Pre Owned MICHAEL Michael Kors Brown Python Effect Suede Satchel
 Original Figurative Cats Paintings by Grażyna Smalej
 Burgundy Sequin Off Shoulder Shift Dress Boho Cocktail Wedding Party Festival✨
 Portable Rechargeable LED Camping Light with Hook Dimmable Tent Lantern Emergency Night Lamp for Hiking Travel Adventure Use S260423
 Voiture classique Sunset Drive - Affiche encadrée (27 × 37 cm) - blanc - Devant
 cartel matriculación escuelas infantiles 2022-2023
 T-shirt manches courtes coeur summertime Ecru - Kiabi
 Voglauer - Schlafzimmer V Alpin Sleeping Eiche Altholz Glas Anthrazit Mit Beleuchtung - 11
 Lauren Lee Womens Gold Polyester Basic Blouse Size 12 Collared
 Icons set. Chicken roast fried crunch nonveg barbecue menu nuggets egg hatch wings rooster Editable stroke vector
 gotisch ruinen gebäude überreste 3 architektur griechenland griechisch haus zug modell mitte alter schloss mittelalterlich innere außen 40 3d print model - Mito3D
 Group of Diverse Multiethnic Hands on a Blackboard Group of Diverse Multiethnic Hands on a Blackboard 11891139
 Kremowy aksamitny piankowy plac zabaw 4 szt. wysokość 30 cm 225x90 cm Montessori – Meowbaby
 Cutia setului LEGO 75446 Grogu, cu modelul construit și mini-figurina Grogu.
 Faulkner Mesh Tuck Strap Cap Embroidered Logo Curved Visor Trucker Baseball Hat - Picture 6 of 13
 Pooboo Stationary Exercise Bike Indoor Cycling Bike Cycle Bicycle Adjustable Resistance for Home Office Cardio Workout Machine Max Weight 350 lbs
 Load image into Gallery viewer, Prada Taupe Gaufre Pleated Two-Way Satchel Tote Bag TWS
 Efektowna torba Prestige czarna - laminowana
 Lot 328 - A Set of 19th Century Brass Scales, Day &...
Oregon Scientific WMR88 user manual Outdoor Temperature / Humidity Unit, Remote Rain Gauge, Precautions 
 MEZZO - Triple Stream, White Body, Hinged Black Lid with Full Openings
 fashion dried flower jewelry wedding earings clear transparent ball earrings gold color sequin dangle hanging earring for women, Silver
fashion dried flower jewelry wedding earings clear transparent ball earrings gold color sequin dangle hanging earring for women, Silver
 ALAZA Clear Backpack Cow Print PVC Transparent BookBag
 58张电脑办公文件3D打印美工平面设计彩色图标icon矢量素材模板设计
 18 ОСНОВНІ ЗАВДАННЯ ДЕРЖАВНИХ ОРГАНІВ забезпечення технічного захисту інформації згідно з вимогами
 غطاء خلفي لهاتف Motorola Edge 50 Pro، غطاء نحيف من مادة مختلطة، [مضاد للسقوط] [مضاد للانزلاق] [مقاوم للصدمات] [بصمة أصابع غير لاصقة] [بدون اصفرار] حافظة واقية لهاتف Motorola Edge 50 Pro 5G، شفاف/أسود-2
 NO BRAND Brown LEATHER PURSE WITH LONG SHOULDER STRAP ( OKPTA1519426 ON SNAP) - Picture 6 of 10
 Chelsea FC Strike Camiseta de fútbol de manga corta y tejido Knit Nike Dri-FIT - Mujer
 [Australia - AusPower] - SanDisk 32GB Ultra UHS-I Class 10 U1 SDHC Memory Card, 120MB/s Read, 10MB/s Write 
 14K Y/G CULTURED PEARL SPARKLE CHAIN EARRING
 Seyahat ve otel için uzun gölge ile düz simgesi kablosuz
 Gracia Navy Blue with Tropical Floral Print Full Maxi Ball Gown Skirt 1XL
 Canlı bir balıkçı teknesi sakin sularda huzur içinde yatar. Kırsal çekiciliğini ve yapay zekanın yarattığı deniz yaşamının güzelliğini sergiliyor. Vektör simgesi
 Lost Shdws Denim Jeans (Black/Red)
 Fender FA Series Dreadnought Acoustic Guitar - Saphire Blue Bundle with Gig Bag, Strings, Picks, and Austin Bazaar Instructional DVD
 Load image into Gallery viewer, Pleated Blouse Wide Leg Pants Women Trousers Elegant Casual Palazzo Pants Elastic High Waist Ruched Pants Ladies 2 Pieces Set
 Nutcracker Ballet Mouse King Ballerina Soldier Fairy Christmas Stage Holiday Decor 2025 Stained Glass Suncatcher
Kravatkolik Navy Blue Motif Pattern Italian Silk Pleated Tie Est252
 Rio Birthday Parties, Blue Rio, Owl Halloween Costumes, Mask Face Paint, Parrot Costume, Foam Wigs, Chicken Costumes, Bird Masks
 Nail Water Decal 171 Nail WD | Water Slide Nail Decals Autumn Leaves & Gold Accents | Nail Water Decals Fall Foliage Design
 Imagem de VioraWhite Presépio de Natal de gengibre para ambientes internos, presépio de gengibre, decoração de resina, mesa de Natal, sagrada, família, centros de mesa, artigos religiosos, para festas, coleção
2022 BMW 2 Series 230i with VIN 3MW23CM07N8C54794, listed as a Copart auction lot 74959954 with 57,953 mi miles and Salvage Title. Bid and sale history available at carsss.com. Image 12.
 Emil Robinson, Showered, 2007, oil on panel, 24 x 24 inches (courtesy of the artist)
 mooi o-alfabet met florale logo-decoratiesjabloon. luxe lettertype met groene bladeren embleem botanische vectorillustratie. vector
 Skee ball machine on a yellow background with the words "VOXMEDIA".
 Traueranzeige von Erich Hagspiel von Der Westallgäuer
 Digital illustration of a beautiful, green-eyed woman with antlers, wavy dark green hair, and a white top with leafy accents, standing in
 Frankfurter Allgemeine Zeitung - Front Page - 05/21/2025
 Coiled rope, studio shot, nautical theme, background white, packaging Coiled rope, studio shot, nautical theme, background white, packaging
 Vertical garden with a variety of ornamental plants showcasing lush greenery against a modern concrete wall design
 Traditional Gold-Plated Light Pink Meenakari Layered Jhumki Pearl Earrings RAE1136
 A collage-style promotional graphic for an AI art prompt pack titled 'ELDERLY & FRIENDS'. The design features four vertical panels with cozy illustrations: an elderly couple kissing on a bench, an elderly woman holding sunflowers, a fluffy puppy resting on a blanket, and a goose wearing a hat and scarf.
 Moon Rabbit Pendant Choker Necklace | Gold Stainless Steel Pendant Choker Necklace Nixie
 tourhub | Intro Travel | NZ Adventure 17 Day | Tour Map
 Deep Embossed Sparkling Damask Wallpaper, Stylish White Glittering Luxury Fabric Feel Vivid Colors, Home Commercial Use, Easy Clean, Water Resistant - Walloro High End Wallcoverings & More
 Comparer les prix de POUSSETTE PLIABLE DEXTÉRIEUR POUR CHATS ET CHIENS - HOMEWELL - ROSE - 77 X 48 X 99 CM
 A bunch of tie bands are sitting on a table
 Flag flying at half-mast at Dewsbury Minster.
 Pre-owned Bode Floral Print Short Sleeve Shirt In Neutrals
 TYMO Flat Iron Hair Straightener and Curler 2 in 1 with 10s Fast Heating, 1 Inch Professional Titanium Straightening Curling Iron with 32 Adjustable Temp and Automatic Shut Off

* _Task instructions_: Only the lines from the one containing "Load image into Gallery viewer, Pleated" through the one containing "mooi o-alfabet met" are to be retyped, both boundary lines included, with no other material.

* _Answer section_:
 Load image into Gallery viewer, Pleated Blouse Wide Leg Pants Women Trousers Elegant Casual Palazzo Pants Elastic High Waist Ruched Pants Ladies 2 Pieces Set
 Nutcracker Ballet Mouse King Ballerina Soldier Fairy Christmas Stage Holiday Decor 2025 Stained Glass Suncatcher
Kravatkolik Navy Blue Motif Pattern Italian Silk Pleated Tie Est252
 Rio Birthday Parties, Blue Rio, Owl Halloween Costumes, Mask Face Paint, Parrot Costume, Foam Wigs, Chicken Costumes, Bird Masks
 Nail Water Decal 171 Nail WD | Water Slide Nail Decals Autumn Leaves & Gold Accents | Nail Water Decals Fall Foliage Design
 Imagem de VioraWhite Presépio de Natal de gengibre para ambientes internos, presépio de gengibre, decoração de resina, mesa de Natal, sagrada, família, centros de mesa, artigos religiosos, para festas, coleção
2022 BMW 2 Series 230i with VIN 3MW23CM07N8C54794, listed as a Copart auction lot 74959954 with 57,953 mi miles and Salvage Title. Bid and sale history available at carsss.com. Image 12.
 Emil Robinson, Showered, 2007, oil on panel, 24 x 24 inches (courtesy of the artist)
 mooi o-alfabet met florale logo-decoratiesjabloon. luxe lettertype met groene bladeren embleem botanische vectorillustratie. vector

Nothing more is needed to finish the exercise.